Enhancing pedestrian safety at two intersections along Thatcher Drive will have to wait until after city hall updates the community’s transportation master plan later this year.
City administration presented two reports during the 2023 budget discussions that reviewed upgrading the intersections of Ninth Avenue Northeast and Fourth Avenue Northwest along Thatcher Drive. Both recommendations urged council to receive and file the documents — which members agreed to do — so city hall could update the master plan.
Ninth Avenue Northeast
The preliminary cost to install a signalized pedestrian crossing at Ninth Avenue Northeast is $43,900, including contingency funding, engineering fees and taxes, a report said.
An aerial view of the area shows the network of pathways is incomplete, with no trails connecting to the intersection itself, the document continued. Therefore, investing in a signalized pedestrian crossing now would not serve an existing network.
Meanwhile, a high-level review of Thatcher Drive shows that the Ministry of Highways needs to first invest in the Highway 1 intersection, that Thatcher needs a lane alignment and changes to road width and that pathways need to be connected and integrated.
The 2012 transportation master plan suggested that the city should install signalized lights or a roundabout once the community reaches 45,000 people, the report added.
The engineering and parks and recreation departments will provide recommendations about possible costs to upgrade this intersection once they complete their respective transportation and trails master plans later this fall.
Coun. Crystal Froese said she understood wanting to wait for the updated master plan but was concerned about the number of pedestrians accessing the area and their safety. She acknowledged that while the trails don't match up, people still use them to reach the intersection and from there, two busy fast-food restaurants and several hotels.
She hoped there might be less expensive solutions, such as more signs or painted walkways.
The east-west trail is about 25 to 40 metres away from the intersection, so it would have to be pulled forward to connect, while there is no connecting path for the north-south trail because it ends before the Co-op gas bar, explained Bevan Harlton, director of engineering.

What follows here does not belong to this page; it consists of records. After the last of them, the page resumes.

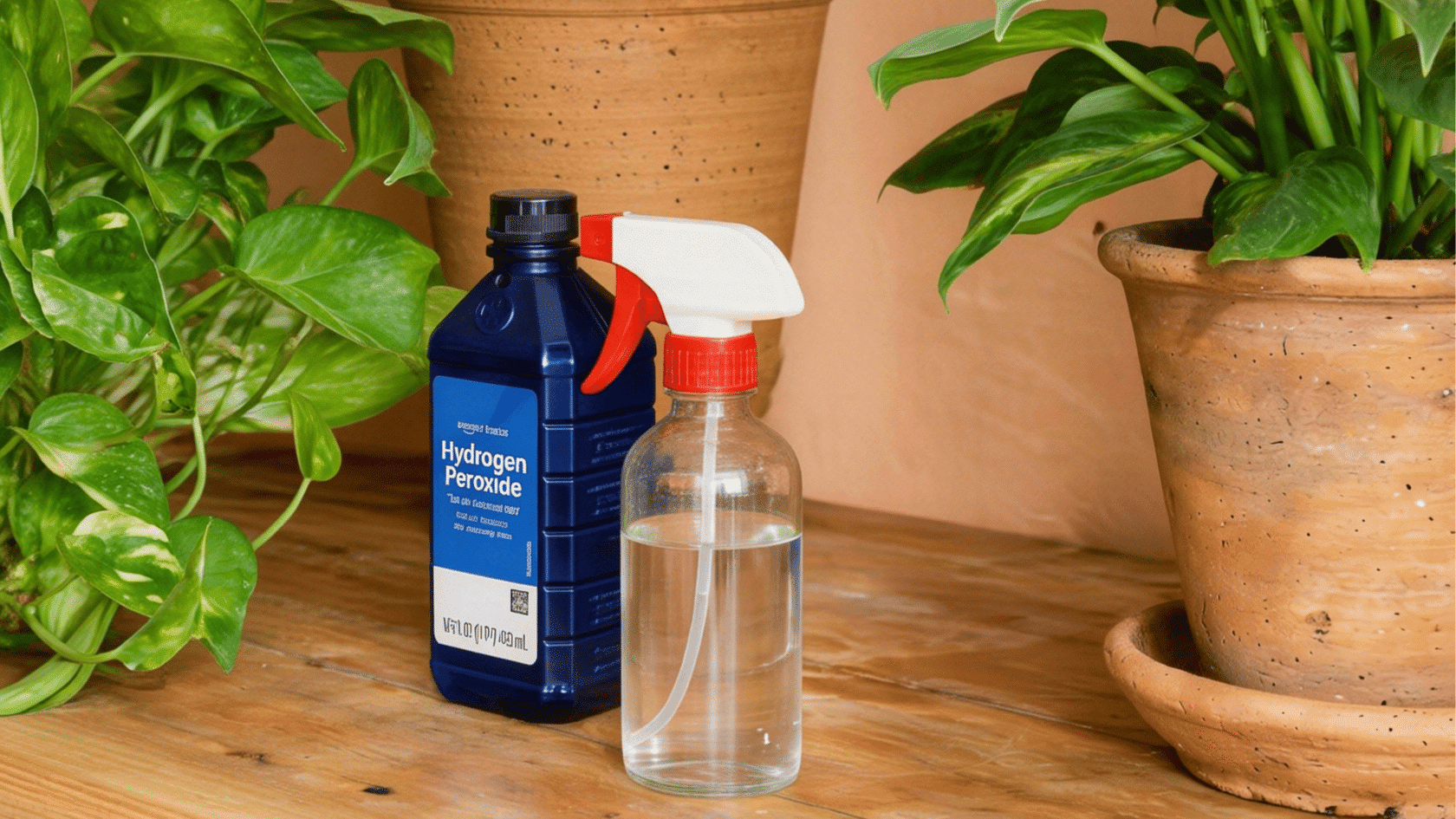 Hydrogen peroxide bottle and spray container beside indoor potted plants on a wooden table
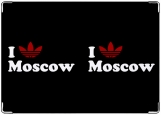 Обложка на паспорт с уголками, I love Moscow Black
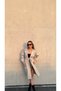 Women's Midi Trench Coat Classic Collar Belted Elastic Sleeves Seasonal Trench Coat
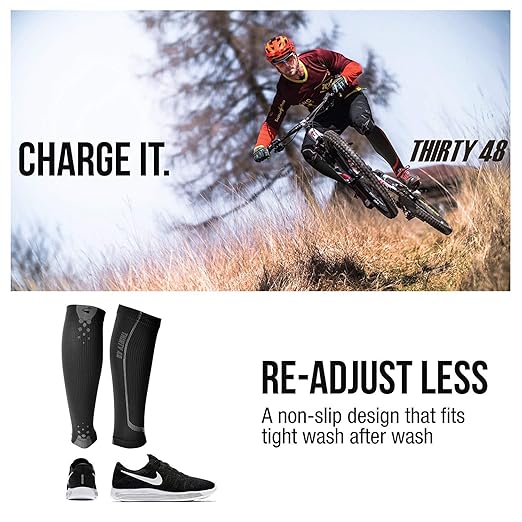 Thirty48 Graduated Calf Compression Sleeves 15-20 OR 20-30 mmHg | Maximize Fast Recovery by Increasing Oxygen to Muscles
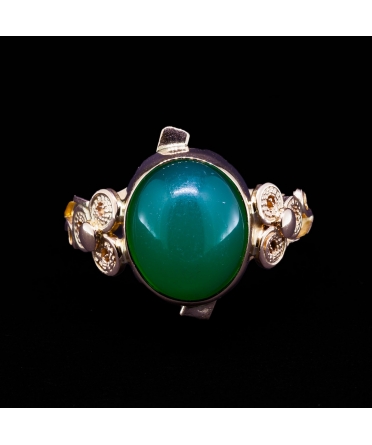 14K Gold, Ring with Green Onyx, Handcrafted Filigree, Vintage - 1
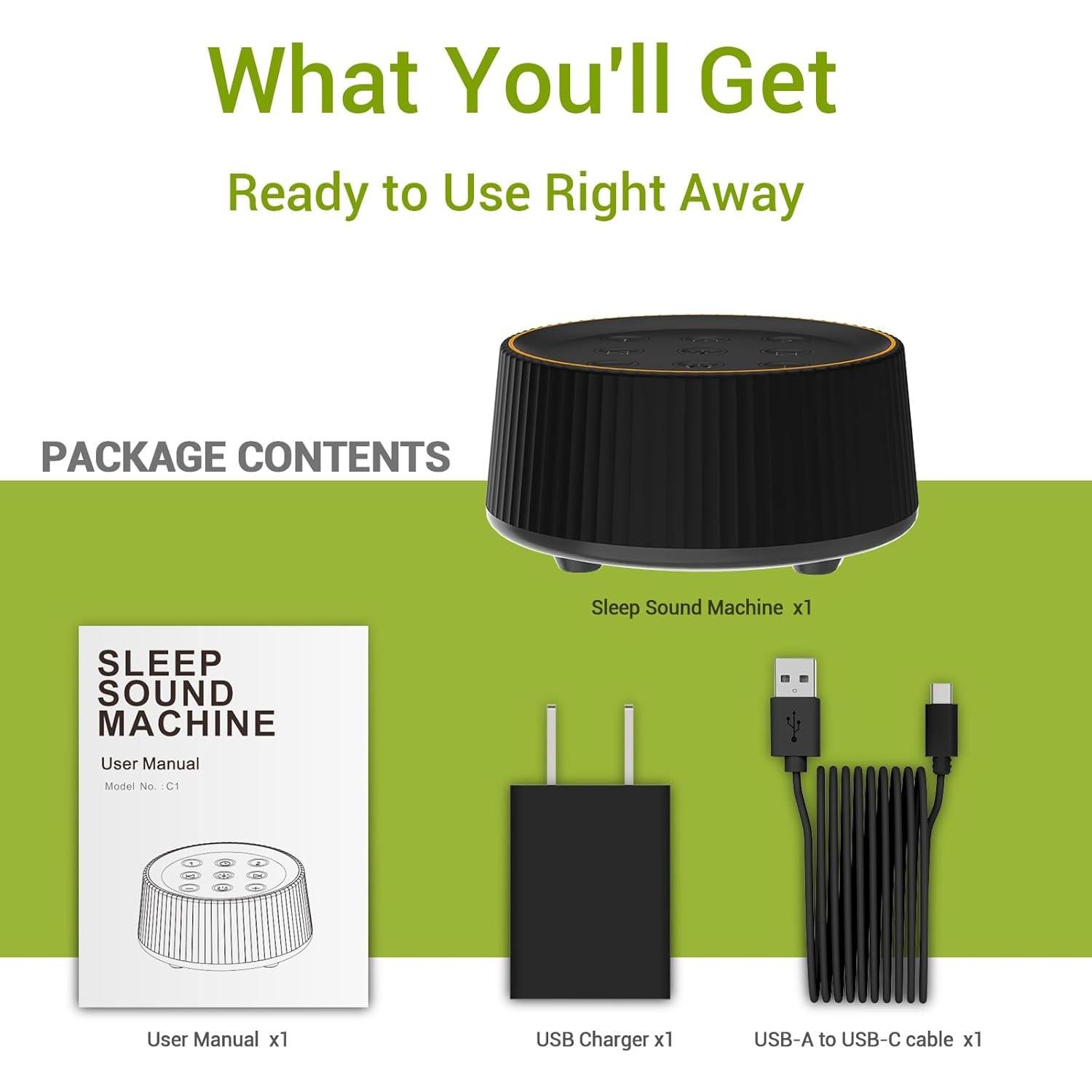 Máquina de Sonido Blanco BGOVERSS con 26 Sonidos y Luz Nocturna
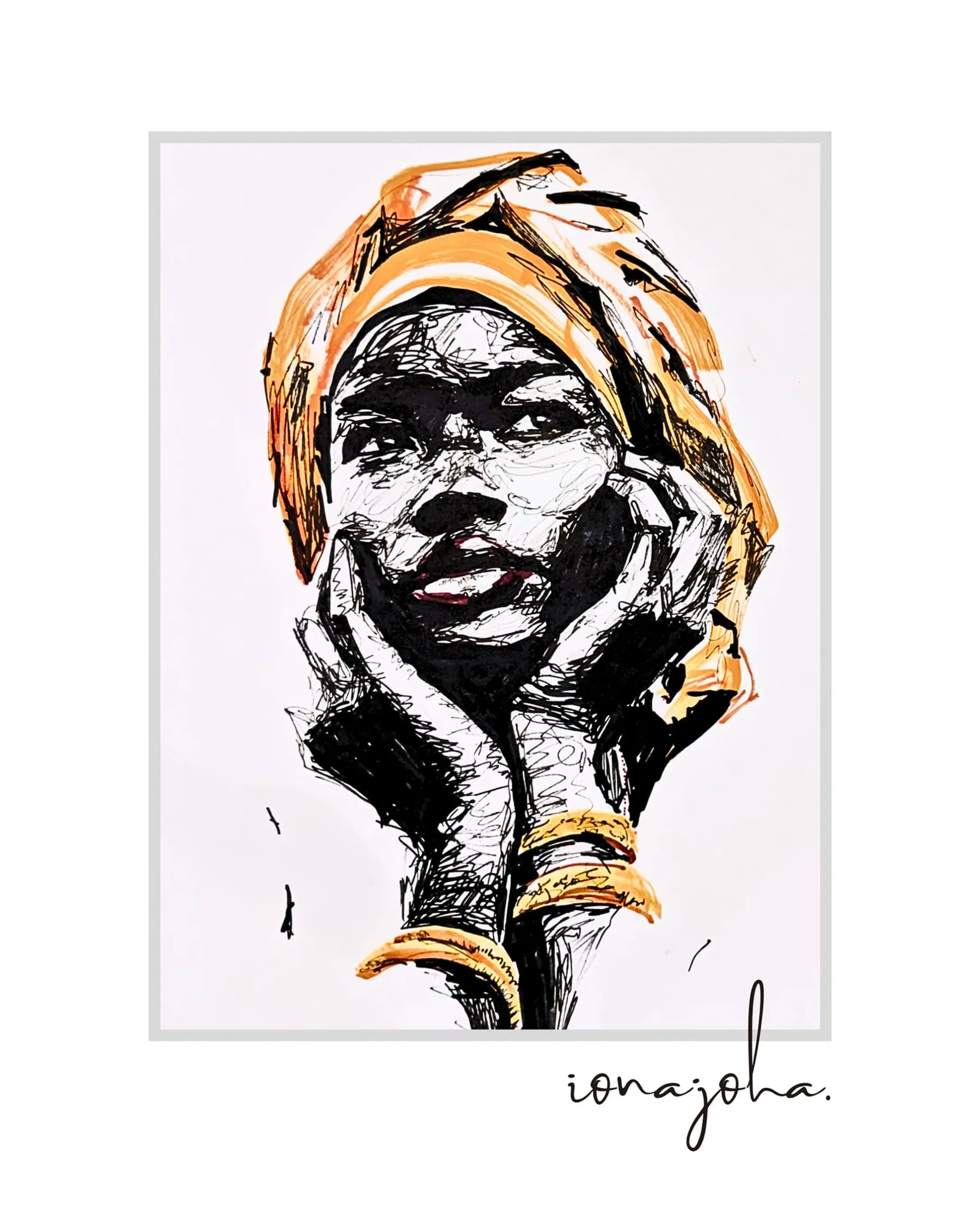 Ink portrait of a woman in an orange headwrap with her hands on her cheeks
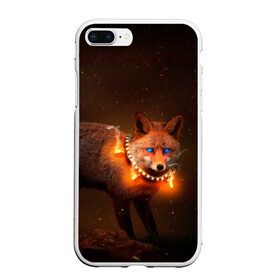 Чехол для iPhone 7Plus/8 Plus матовый с принтом Лисица с гирляндой в Екатеринбурге, Силикон | Область печати: задняя сторона чехла, без боковых панелей | fox | foxy | животное | звери | лиса | лисенок | лисичка | милая | рыжая | фокс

It would also be costly to change the intersection’s geometry while investing in signalized lights or other physical adjustments should wait until the province has completed its highway corridor study for Thatcher Drive East, he added.
City manager Jim Puffalt indicated that public works could paint crosswalk lines and install signs but would first come to council with proposed measures. He added that there is enough funding in the crosswalk painting budget to add one more intersection.
Fourth Avenue Northwest
The preliminary cost to install a signalized pedestrian crossing at Fourth Avenue Northwest is $43,900, including contingency funding, engineering fees and taxes, a second report said.
This issue arose after a community organization contacted city hall in December 2020 about the desire for overhead pedestrian lights and/or a three-way stop. The correspondence related to safety concerns about pedestrians and vehicles passing through the intersection on Thatcher Drive.
This intersection has no lights but has signs and a marked pedestrian crossing, while the crossing connects to other regularly maintained city trails, the document said.
A future lane re-alignment might make sense because the east- and westbound driving lanes decrease to one from two lanes near this intersection, while south of Thatcher on Fourth Avenue Northwest is a low clearance (3.8-metre) bridge vehicles hit annually, the report added. However, the transportation master plan does not consider this intersection suitable for improvements.
Coun. Heather Eby agreed with the report and with waiting for city hall to complete the transportation and trails master plans since they would help council make more informed decisions.